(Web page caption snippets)
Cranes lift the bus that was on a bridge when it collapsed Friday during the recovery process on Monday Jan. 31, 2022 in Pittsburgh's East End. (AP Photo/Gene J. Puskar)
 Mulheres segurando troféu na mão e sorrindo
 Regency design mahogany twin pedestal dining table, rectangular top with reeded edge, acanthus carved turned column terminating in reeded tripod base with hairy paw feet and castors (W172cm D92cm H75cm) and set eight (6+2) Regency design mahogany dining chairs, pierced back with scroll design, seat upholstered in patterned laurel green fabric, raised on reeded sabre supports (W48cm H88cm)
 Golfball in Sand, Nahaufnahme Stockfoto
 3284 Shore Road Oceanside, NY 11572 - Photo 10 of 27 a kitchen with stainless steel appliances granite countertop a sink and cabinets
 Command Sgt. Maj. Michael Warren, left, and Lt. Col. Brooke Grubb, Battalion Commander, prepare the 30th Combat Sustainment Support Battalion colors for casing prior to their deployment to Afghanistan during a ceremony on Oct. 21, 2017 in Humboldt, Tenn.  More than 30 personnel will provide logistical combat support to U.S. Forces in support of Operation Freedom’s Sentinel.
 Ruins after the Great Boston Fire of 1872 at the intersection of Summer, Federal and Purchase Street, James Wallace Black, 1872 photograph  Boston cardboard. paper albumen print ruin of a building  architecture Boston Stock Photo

#### WHAT IS REQUIRED:
Which lines in the data above hold the string "with"? Show each one.

#### EXERCISE ANSWER:
 Regency design mahogany twin pedestal dining table, rectangular top with reeded edge, acanthus carved turned column terminating in reeded tripod base with hairy paw feet and castors (W172cm D92cm H75cm) and set eight (6+2) Regency design mahogany dining chairs, pierced back with scroll design, seat upholstered in patterned laurel green fabric, raised on reeded sabre supports (W48cm H88cm)
 3284 Shore Road Oceanside, NY 11572 - Photo 10 of 27 a kitchen with stainless steel appliances granite countertop a sink and cabinets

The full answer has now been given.